In addition to the two new requests, OFCCP is proposing to make substantive changes to four other request items in the scheduling letter.
- Changes to current Item 8 which requests a copy of the collective bargaining agreement (if applicable)
Changes to new item 9 (current item 8) -- OFCCP further defined "other information" in contractor collective bargaining agreements to clarify for contractors the specific information requested during compliance evaluations
- Changes the current language pertaining to the goal attainment report
Changes to new item 10 (current item 9) -- AAP reporting requirements changed from preceding year to immediate preceding year to clarify specific AAP reporting timelines for contractors. No change in burden hours for this item.
- Changes the language to the current Item 10 requesting personnel activity data. The new request would REQUIRE contractors submit by Job Group AND Job Title.
Changes to new item 11 (current item 10) -- OFCCP included more specific demographic information related to Applicants, Hires, Promotions, and Terminations to eliminate ambiguous minority and non-minority terminology. In addition, contractors would now be required to submit data by job group and job title, instead of job group or job title in the current Scheduling Letter. This revised submission would result in OFCCP obtaining more accurate reporting data for its analyses related to identifying sex and race discrimination indicators.
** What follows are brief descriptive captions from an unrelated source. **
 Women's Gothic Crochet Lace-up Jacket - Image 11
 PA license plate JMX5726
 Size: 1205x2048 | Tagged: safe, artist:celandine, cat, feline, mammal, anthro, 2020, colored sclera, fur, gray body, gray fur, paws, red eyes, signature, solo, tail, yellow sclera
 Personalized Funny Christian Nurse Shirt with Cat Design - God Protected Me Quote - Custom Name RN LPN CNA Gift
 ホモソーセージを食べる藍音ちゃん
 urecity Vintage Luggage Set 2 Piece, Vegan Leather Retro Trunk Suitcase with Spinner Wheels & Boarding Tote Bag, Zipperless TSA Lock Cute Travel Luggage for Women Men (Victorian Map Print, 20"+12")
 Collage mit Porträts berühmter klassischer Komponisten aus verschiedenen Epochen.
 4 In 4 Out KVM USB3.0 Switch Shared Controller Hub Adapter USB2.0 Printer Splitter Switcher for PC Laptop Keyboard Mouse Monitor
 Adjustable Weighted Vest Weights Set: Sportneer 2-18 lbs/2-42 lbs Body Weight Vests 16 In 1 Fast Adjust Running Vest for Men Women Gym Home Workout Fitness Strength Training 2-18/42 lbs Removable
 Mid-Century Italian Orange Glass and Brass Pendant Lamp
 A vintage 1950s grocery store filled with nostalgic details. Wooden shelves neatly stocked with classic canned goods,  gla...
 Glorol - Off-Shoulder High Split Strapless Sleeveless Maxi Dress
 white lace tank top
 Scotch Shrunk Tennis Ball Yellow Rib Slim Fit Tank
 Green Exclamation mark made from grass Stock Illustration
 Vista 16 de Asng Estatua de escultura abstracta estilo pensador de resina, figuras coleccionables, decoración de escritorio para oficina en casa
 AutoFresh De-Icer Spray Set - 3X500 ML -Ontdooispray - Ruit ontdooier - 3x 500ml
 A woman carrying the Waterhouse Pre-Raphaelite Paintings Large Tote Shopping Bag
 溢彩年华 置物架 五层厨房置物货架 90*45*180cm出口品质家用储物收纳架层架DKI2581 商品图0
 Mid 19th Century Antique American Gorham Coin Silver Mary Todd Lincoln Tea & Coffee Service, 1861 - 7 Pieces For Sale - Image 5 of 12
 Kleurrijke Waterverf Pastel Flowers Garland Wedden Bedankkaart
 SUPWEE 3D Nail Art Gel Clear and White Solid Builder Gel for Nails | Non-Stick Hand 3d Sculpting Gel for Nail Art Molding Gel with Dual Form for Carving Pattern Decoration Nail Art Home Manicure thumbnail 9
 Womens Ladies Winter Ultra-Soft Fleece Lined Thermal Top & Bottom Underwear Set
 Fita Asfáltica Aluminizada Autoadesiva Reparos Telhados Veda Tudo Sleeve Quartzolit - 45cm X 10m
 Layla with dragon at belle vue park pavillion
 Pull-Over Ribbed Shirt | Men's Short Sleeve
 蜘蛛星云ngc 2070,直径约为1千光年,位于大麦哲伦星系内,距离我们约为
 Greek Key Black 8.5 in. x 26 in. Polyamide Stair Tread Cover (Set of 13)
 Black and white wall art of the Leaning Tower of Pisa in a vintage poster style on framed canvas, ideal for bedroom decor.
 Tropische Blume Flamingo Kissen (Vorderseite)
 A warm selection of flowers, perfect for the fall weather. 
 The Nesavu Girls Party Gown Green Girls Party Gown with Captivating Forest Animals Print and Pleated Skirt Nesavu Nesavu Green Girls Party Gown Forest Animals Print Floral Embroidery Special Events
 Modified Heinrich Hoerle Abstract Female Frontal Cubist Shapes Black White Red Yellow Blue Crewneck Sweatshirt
Given the widespread use of computer technology for Human Resources data entry and management, we estimate 1 hour increased burden per contractor.
Furthermore under the promotions and terminations data request contractors must develop constructed pools of who was actually considered for promotion or termination.
- The final, and in my opinion, the most significant, is a major change to the current Item 11 request for compensation. The new request asks for information to be submitted in the "disaggregate" . I take this to mean that the current 12 Factor (or 15, 18) would replace Item 11 as the new scheduling letter language. (Note that I think the OFCCP accidentally put the word "aggregate" when they meant to say "disaggregate" and vice-versa). Additionally, data is to be submitted as of February 1 (i.e., the data as it existed on the most recent February 1st date)
Changes to new item 12 (current item 11) -- The changes would require a contractor to submit more precise data for OFCCP's compensation analysis. The more precise data is aggregate data rather than the disaggregate data requested in the current Scheduling Letter. A submission of aggregated data would allow OFCCP to perform more specific analyses, and pinpoint possible discrimination based on race or sex. We will no longer ask for disaggregate compensation data, which required contractors to aggregate the data themselves, thereby increasing their burden. In addition, the disaggregate data was less effective in allowing OFCCP to analyze compensation.